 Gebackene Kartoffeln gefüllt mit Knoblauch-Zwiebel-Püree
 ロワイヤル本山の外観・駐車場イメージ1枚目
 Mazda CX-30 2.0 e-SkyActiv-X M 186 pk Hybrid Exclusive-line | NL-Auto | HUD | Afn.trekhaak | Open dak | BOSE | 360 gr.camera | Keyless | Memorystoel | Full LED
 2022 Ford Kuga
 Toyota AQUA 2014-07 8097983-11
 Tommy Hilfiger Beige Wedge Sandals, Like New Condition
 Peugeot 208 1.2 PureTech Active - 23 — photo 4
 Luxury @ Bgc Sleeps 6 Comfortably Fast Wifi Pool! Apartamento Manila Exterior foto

☆ ☆ ☆ ☆ ☆

Print again each line of the listing above, exactly as it appears.

*Exercise answer*:
 Gebackene Kartoffeln gefüllt mit Knoblauch-Zwiebel-Püree
 ロワイヤル本山の外観・駐車場イメージ1枚目
 Mazda CX-30 2.0 e-SkyActiv-X M 186 pk Hybrid Exclusive-line | NL-Auto | HUD | Afn.trekhaak | Open dak | BOSE | 360 gr.camera | Keyless | Memorystoel | Full LED
 2022 Ford Kuga
 Toyota AQUA 2014-07 8097983-11
 Tommy Hilfiger Beige Wedge Sandals, Like New Condition
 Peugeot 208 1.2 PureTech Active - 23 — photo 4
 Luxury @ Bgc Sleeps 6 Comfortably Fast Wifi Pool! Apartamento Manila Exterior foto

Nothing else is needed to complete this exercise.